When milled into flour, these heritage wheats have properties which affect dough texture and performance but aren’t often measured or well-understood. Modern flour measurement is oriented toward a much narrower range of properties more relevant to modern hybridized wheats and the needs of industrial baking.

Compared to a stoneground modern population wheat flour, a stoneground heritage population wheat flour is in a different class of Weird. Not only is it unknowable in composition at harvest, it also has properties which are not fully quantifiable in a practical sense. I’m not even sure these properties are conceptually fully quantifiable yet (based on a handful of conversations I’ve had with growers and millers about it).

Dough made with Weird Flour can be unpredictable enough that it enters the realm of true uncertainty. The outcomes can be really unexpected, in both good and bad ways. A recipe that produced a great dough one week might produce a puddle of soup the next, even using flour of the same type from a different bag in the same milling. This is not so improbable that it never happens—the last time I experienced this, the dough was so soupy I had to make it into pancakes. When working with conventional flour, I don’t expect dough to turn into soup at low hydrations.

Intentionally working with Weird Flour means changing approach and expectations. The most noteworthy thing, personally, is that I now begin with less of an expectation that dough with tightly defined parameters will result from a particular recipe. With Weird Flour the range of variation is much larger and the limits of variation are actually not fully known.

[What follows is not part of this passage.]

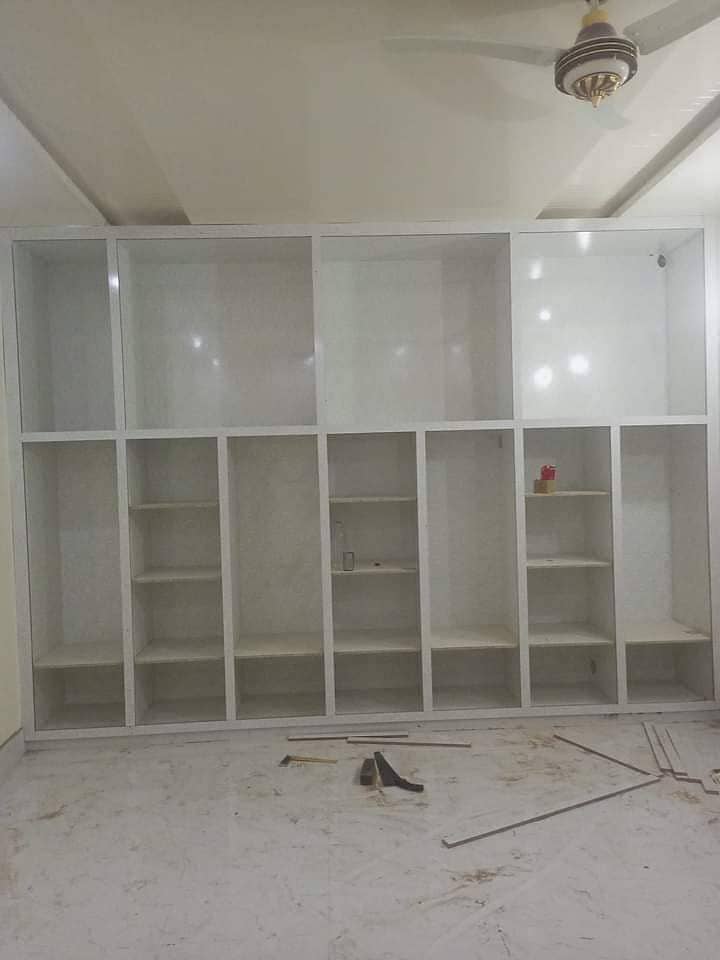 media wall,wood work,cabinets,Wardrobes,Carpenter work,wooden doors 5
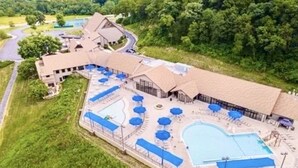 Um resort com uma piscina grande, várias áreas de descanso e um edifício com telhado curvo.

Even when I don’t get soup, I sometimes get textures in the uncooked dough which would be highly improbable with conventional flour, such as a gummy stickiness during the middle phases of folding that translate to strange handling when opening the disc later.

Now, the second question.

Can dough prepare someone for dealing with the uncertainty of losing a job or an entire career? My working hypothesis is that ambient, low-stakes, voluntary uncertainty eases confrontations with more serious and involuntary uncertainty—and that it creates an increasingly productive relationship with uncertainty.

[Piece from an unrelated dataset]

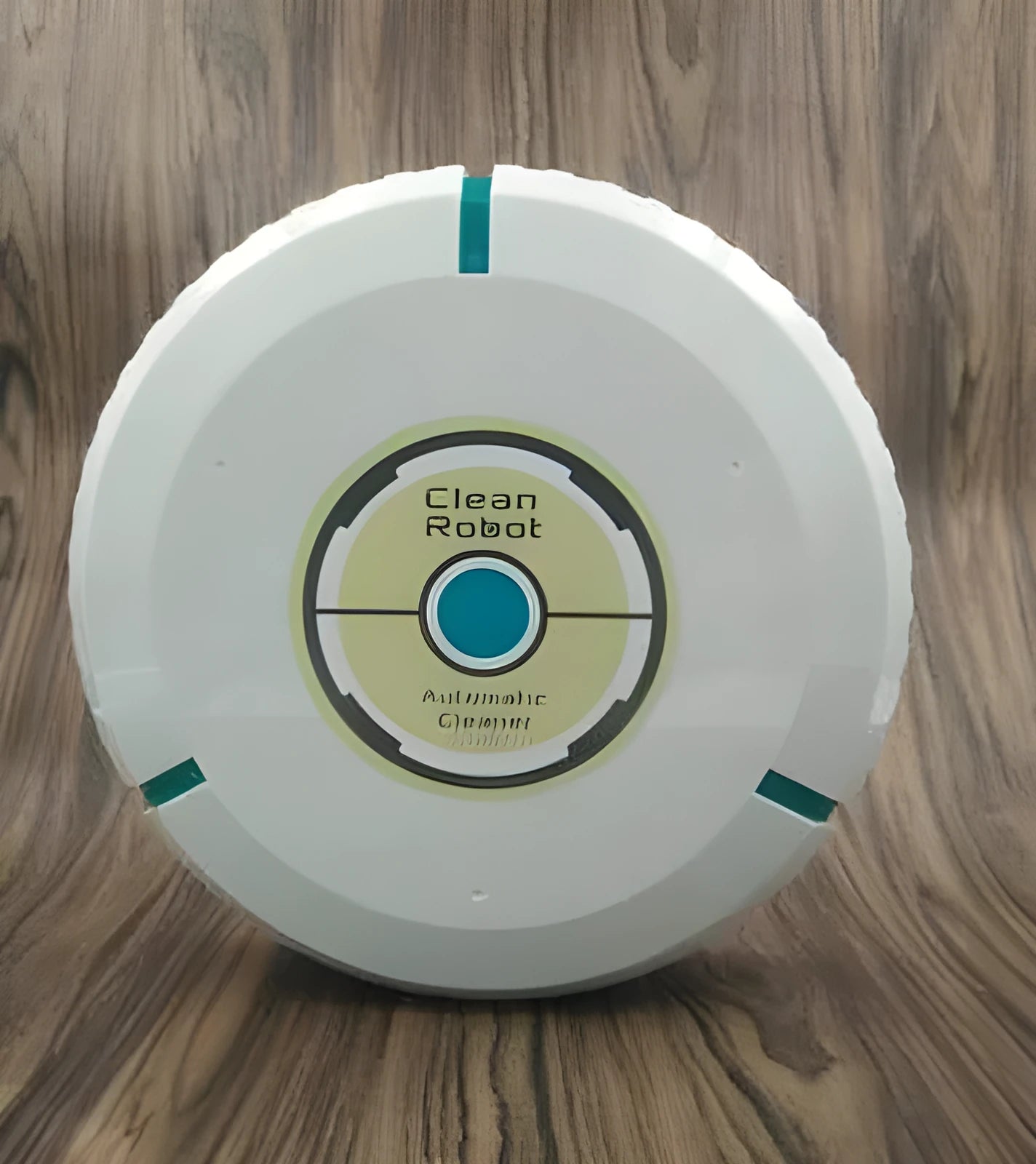 Black or white compact robot vacuum cleaner on a hardwood floor.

Telling yourself that you don’t have these expectations of control is one thing; responding with equanimity when the dough becomes soup is another. Initially, dealing with this weirdness is a real pain and very frustrating. Eventually, with practice, it is possible to just take it in stride and respond—by accepting the inevitable, or by learning to make pancake batter. Over time, the same experience of lost control or violated expectations becomes somehow less and less frustrating. 

I can’t be sure if something tiny and absurd like making pizza helps with uncertainty on its own. But getting used to not being in control on a small scale might be the first step on what is inevitably a long journey.

The next step might be a bit bigger and more uncertain (like committing to a weekly newsletter of lightly edited half-baked thoughts), which could then be preparation for something even more uncertain (preparing to leave a stable job by testing several revenue streams, or moving to a different country).


In other news, I bought a pack of herring filets mainly for the packaging. Everything about the illustration is ❤️.


I also got my first Goodreads review. It was from someone who didn’t like the book, but at least it was an amusing review:


Over the stars, to top Tiger Mountain


Let’s see what happens if we kill the ugly and rather crass Share button. If you liked this newsletter, you could subscribe to get it every week.

Find me on the web at www.vaughntan.org, on Twitter @vaughn_tan, on Instagram @vaughn.tan, or by email at <uncertaintymindset@vaughntan.org>.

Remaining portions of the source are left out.